▶ [ABOUT THIS EXERCISE]: An exact copy of the lines from the start of the material below through the line containing "Certified 2026 BMW" is the required answer, and it includes no pictures.

▶ [SUPPLIED DATA]:
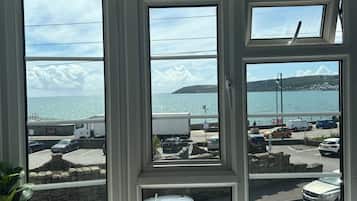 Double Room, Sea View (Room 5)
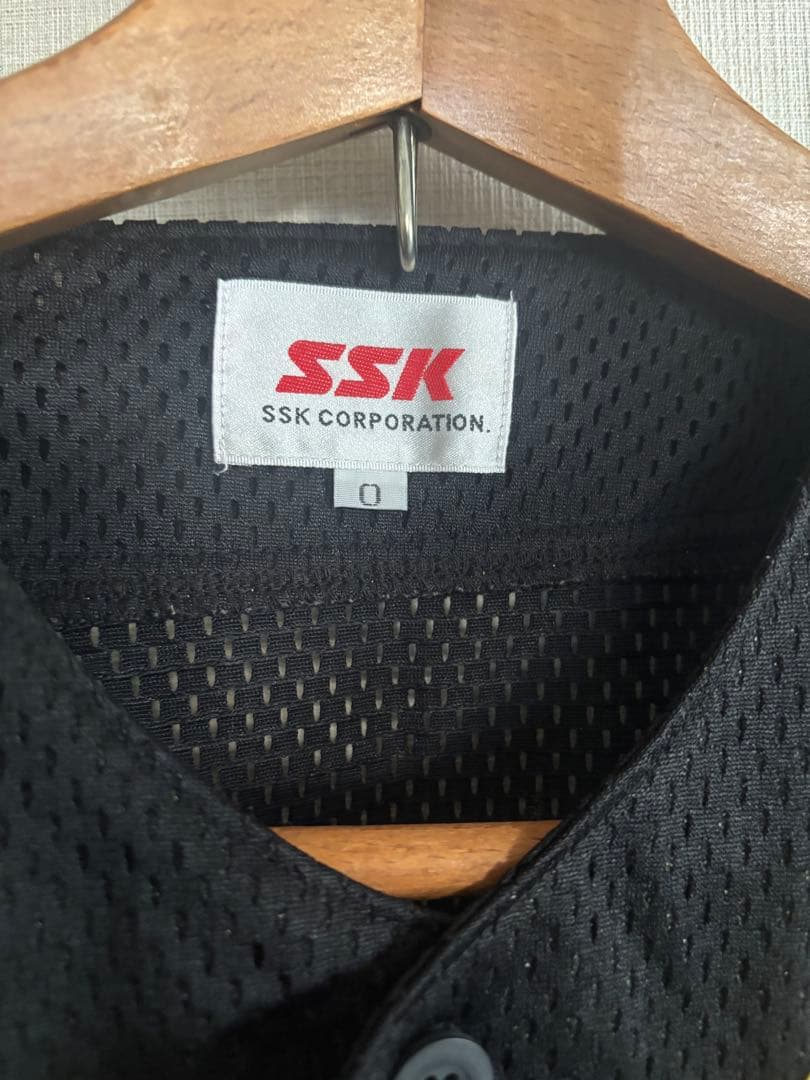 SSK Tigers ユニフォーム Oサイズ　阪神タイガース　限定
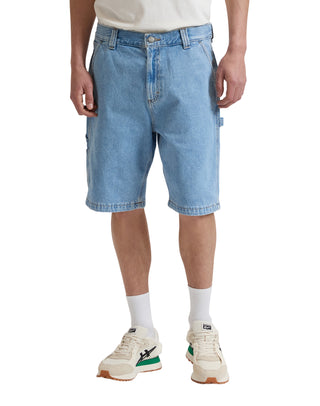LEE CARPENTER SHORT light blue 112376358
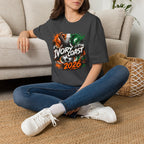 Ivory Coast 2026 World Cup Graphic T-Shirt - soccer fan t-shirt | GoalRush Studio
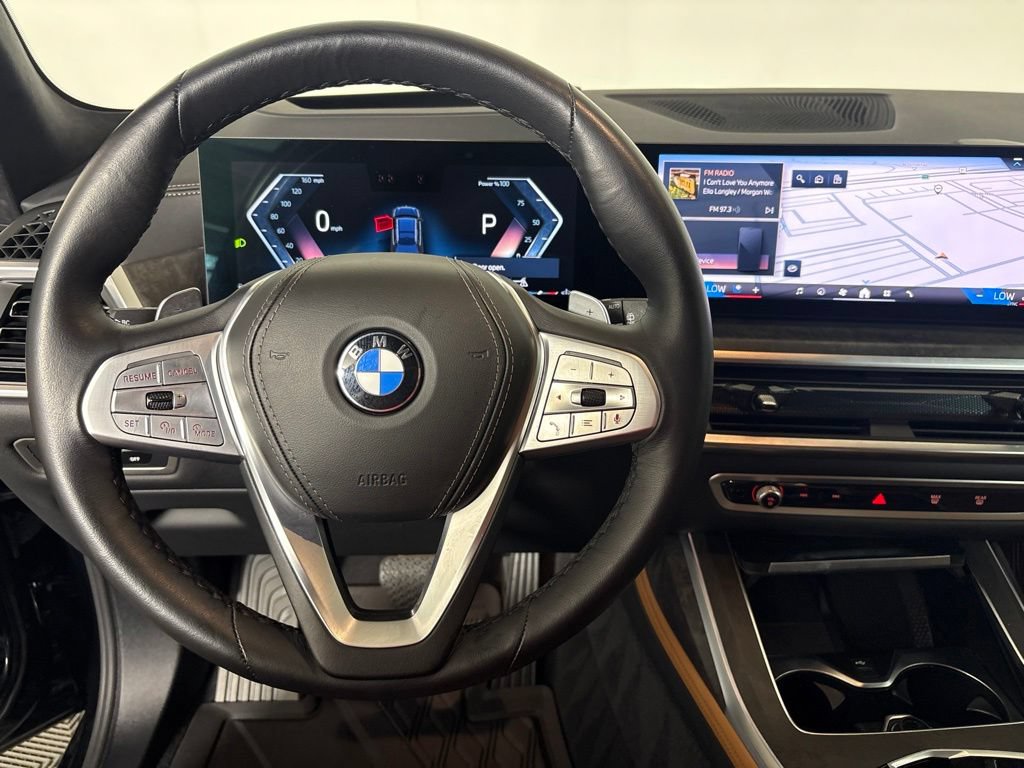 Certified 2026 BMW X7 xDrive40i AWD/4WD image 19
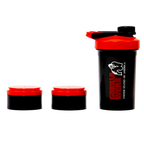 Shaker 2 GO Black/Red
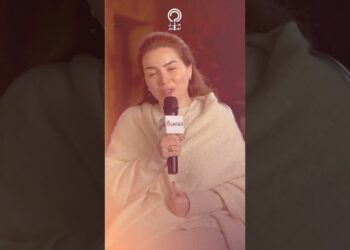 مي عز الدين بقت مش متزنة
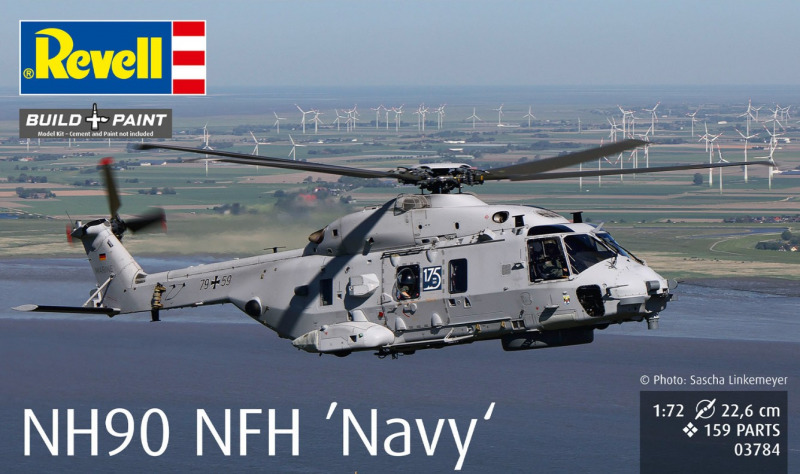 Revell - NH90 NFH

▶ [TASK RESULT]:
 Double Room, Sea View (Room 5)
 SSK Tigers ユニフォーム Oサイズ　阪神タイガース　限定
LEE CARPENTER SHORT light blue 112376358
 Ivory Coast 2026 World Cup Graphic T-Shirt - soccer fan t-shirt | GoalRush Studio
 Certified 2026 BMW X7 xDrive40i AWD/4WD image 19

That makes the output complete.